*EXERCISE AIM*
Throughout the listing below, copy each line containing "store".

*SUPPLIED ENTRIES*
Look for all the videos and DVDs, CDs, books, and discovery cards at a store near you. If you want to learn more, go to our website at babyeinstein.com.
--
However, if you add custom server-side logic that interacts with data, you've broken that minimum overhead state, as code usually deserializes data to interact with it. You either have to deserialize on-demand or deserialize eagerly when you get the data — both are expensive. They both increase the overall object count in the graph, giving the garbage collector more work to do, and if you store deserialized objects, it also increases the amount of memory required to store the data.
---
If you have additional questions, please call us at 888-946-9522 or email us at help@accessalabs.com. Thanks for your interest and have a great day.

*RESPONSE AREA*
Look for all the videos and DVDs, CDs, books, and discovery cards at a store near you. If you want to learn more, go to our website at babyeinstein.com.
However, if you add custom server-side logic that interacts with data, you've broken that minimum overhead state, as code usually deserializes data to interact with it. You either have to deserialize on-demand or deserialize eagerly when you get the data — both are expensive. They both increase the overall object count in the graph, giving the garbage collector more work to do, and if you store deserialized objects, it also increases the amount of memory required to store the data.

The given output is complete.